• _Material supplied_

::::::::::

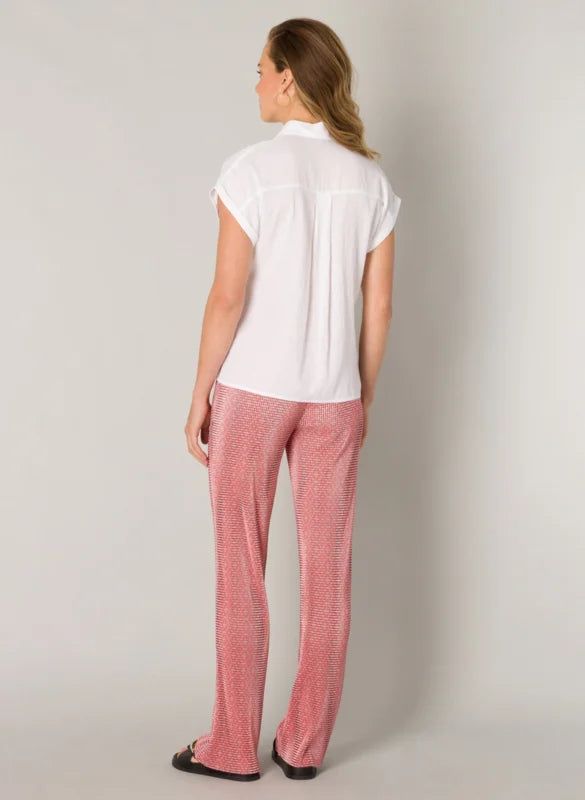 Ivy Beau Chloe Blouse bright white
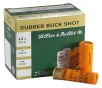 Sellier   Bellot Rubber 12 Gauge 2-3 4in Buckshot Shotshells - 25 Rounds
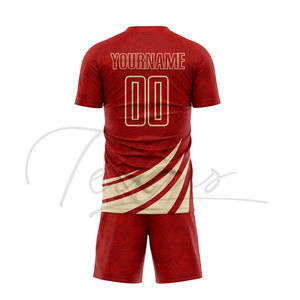 ชุดฟุตบอลคุณภาพดีที่สุด หลายสี สำหรับทุกเพศทุกวัย  รับสั่งทำตามแบบ  ระบายอากาศได้ดี แห้งเร็ว ชุดสโมสรฟุตบอลแบบสั้น - Product Image 4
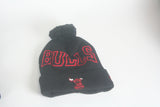 Bulls Blk/Red letter/logo Beanie - HatsbyWill
 - 1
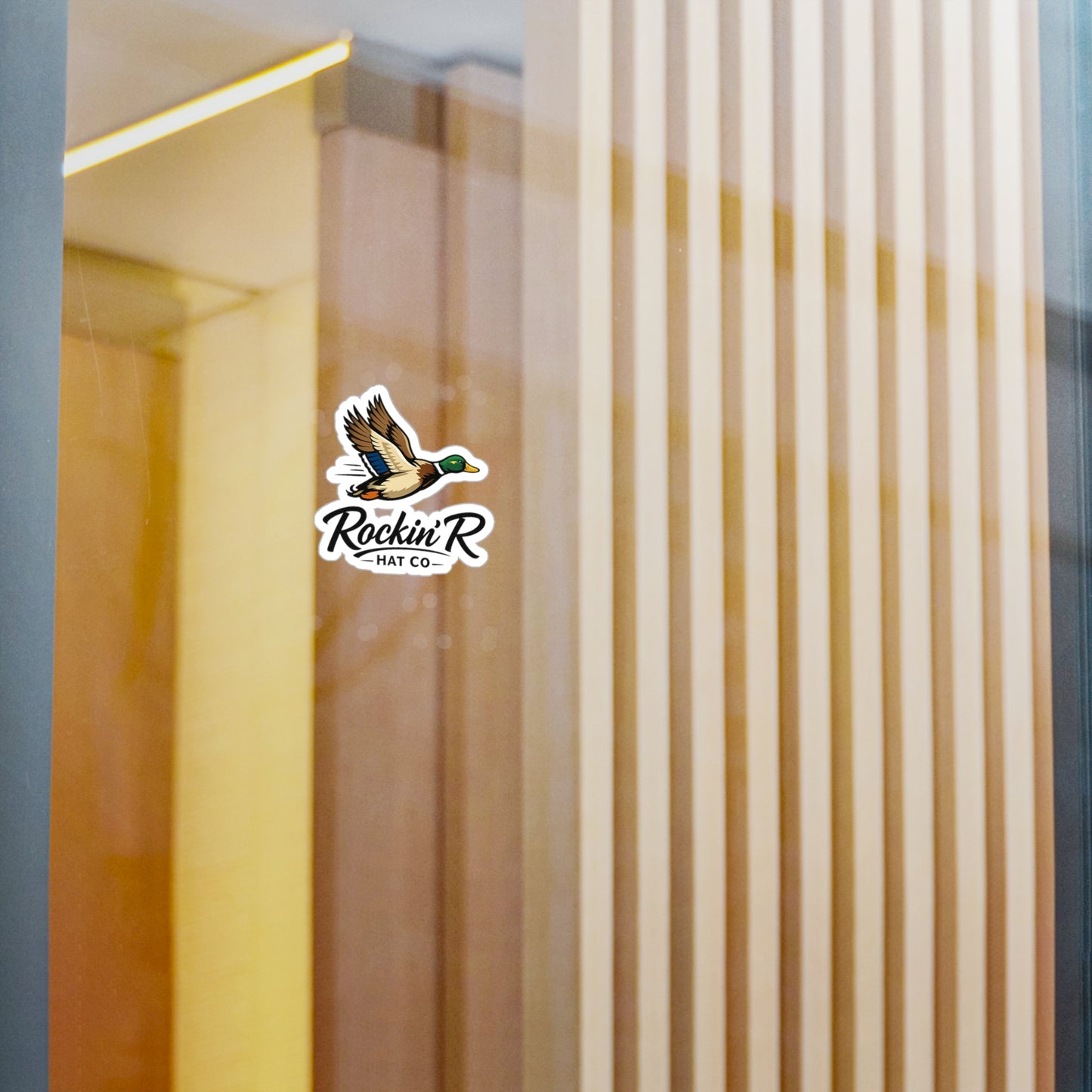 Duck Logo Vinyl Sticker — Rockin' R Hat Co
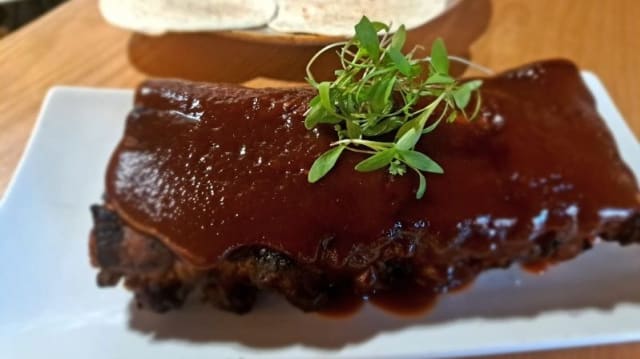 Costillas de cerdo con barbacoa coreana - Kato Madrid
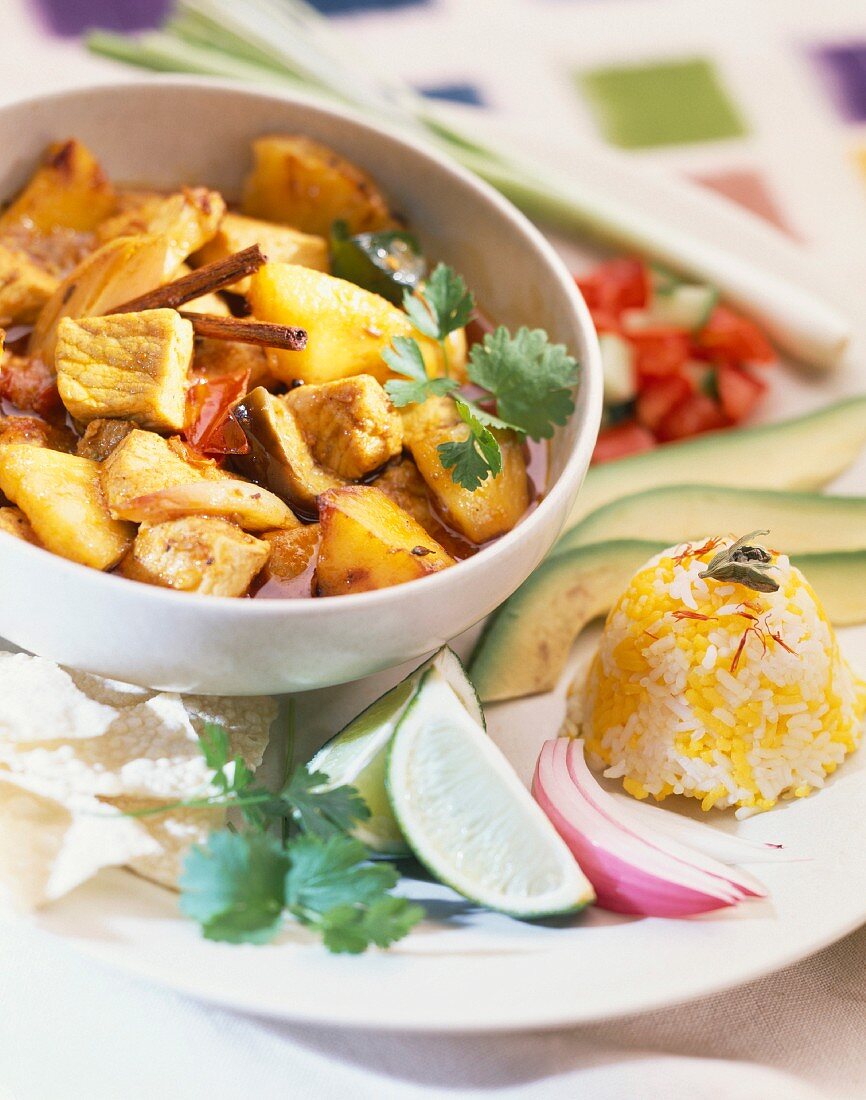 Curried pork with pineapple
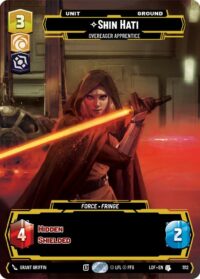 Shin Hati - Overeager Apprentice (Prestige Foil) - Uncommon - 1112 - Inglés (LoF)
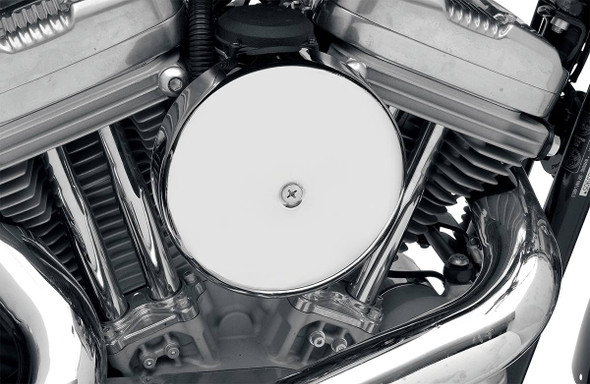 Drag Specialties - DS288903 - 7" Round Air Cleaner - Chrome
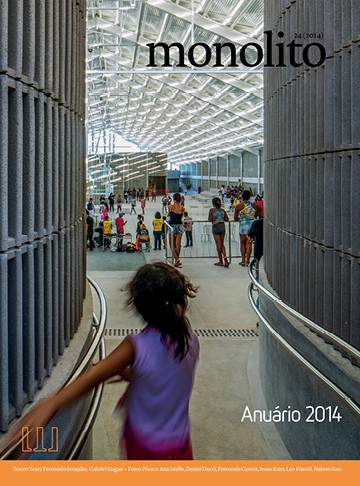 Capa do Anuário 2014 da Monolito, especializada em arquitetura 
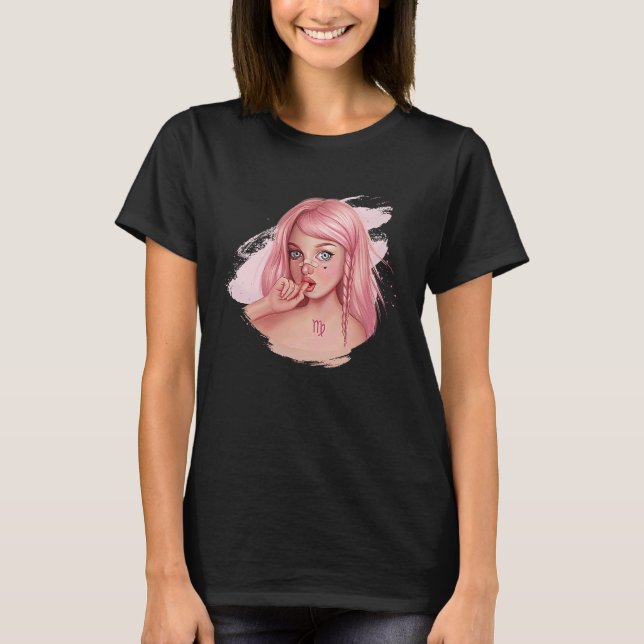 Camiseta Fantasy Zodiac Virgo (Frente)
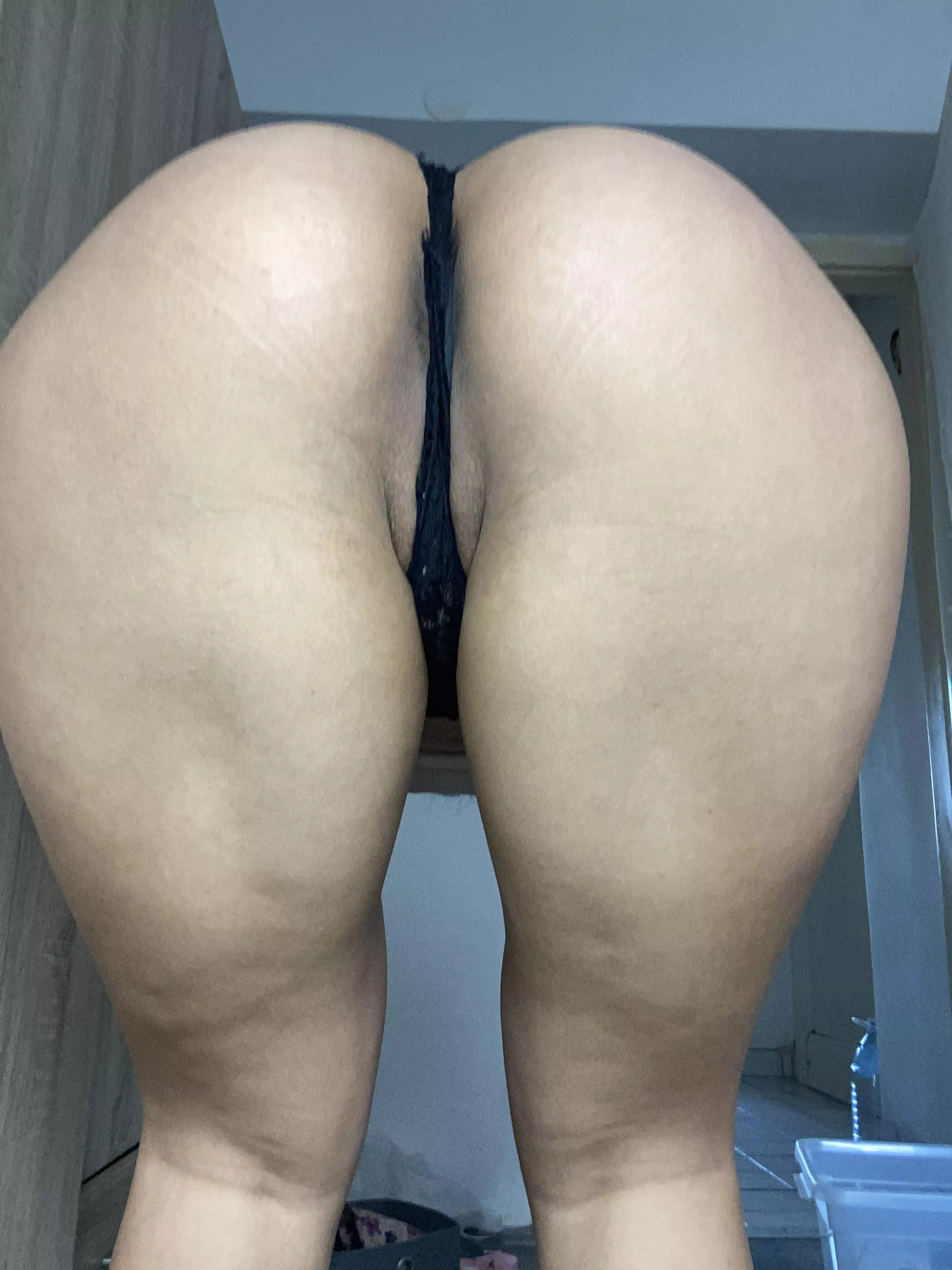 I think my thong is too small for this ass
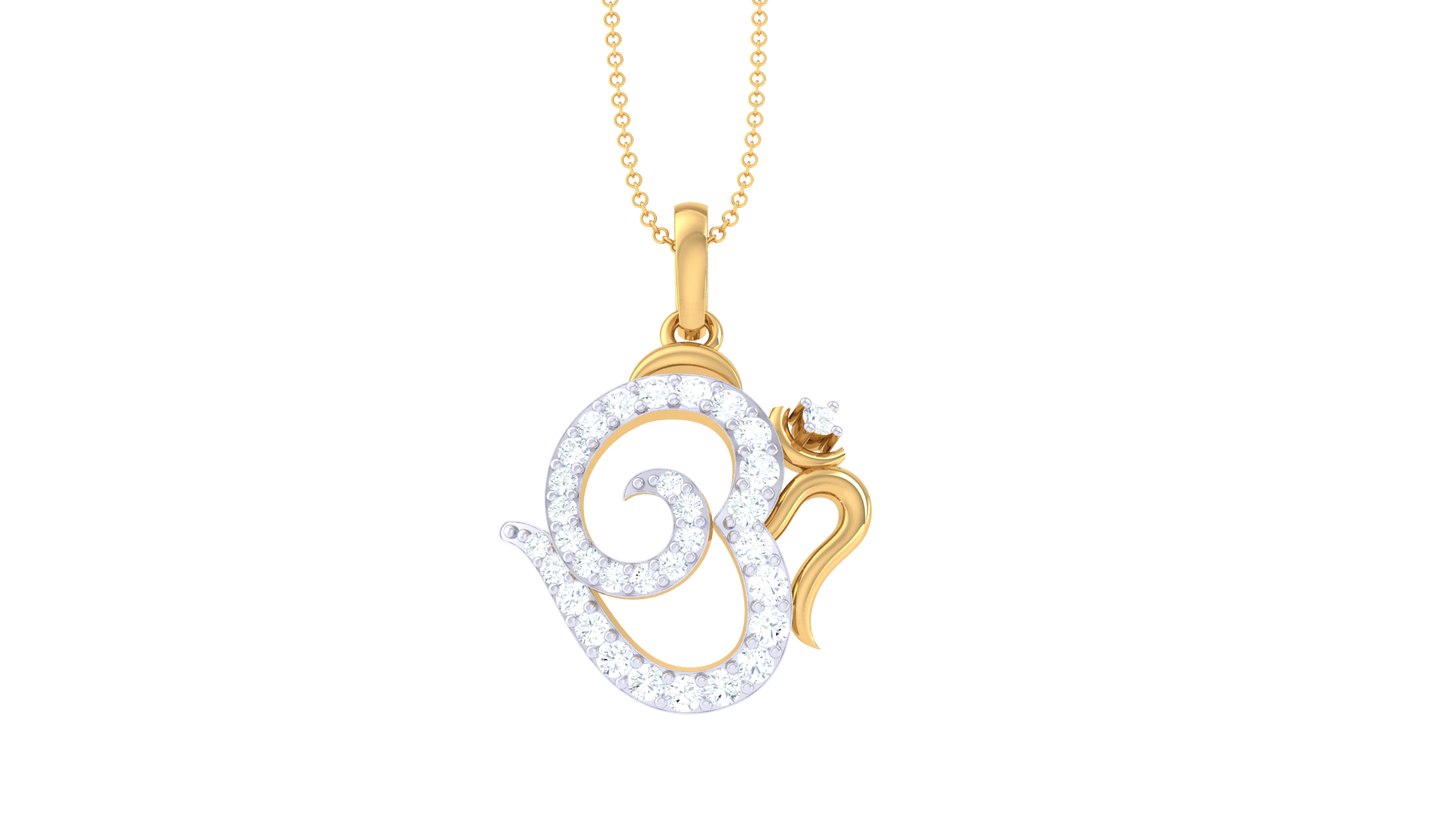 Devotional 0.26 ct Lab Grown Diamond Pendant Without Chain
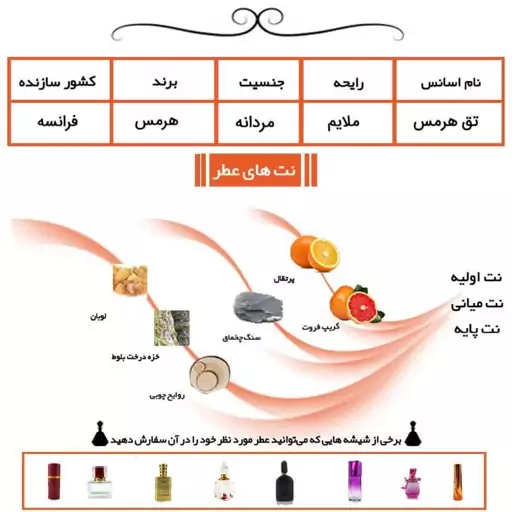 عطر تق هرمس sfa فرانسه 30 گرمی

::::::::::

• _Assignment_
All of the data, minus its pictures, should be repeated exactly.

• _Task answer_
 Ivy Beau Chloe Blouse bright white
 Sellier   Bellot Rubber 12 Gauge 2-3 4in Buckshot Shotshells - 25 Rounds
 ชุดฟุตบอลคุณภาพดีที่สุด หลายสี สำหรับทุกเพศทุกวัย  รับสั่งทำตามแบบ  ระบายอากาศได้ดี แห้งเร็ว ชุดสโมสรฟุตบอลแบบสั้น - Product Image 4
 Bulls Blk/Red letter/logo Beanie - HatsbyWill
 - 1
 Duck Logo Vinyl Sticker — Rockin' R Hat Co
 Costillas de cerdo con barbacoa coreana - Kato Madrid
 Curried pork with pineapple
 Shin Hati - Overeager Apprentice (Prestige Foil) - Uncommon - 1112 - Inglés (LoF)
 Drag Specialties - DS288903 - 7" Round Air Cleaner - Chrome
 Capa do Anuário 2014 da Monolito, especializada em arquitetura 
 Camiseta Fantasy Zodiac Virgo (Frente)
 I think my thong is too small for this ass
 Devotional 0.26 ct Lab Grown Diamond Pendant Without Chain
 عطر تق هرمس sfa فرانسه 30 گرمی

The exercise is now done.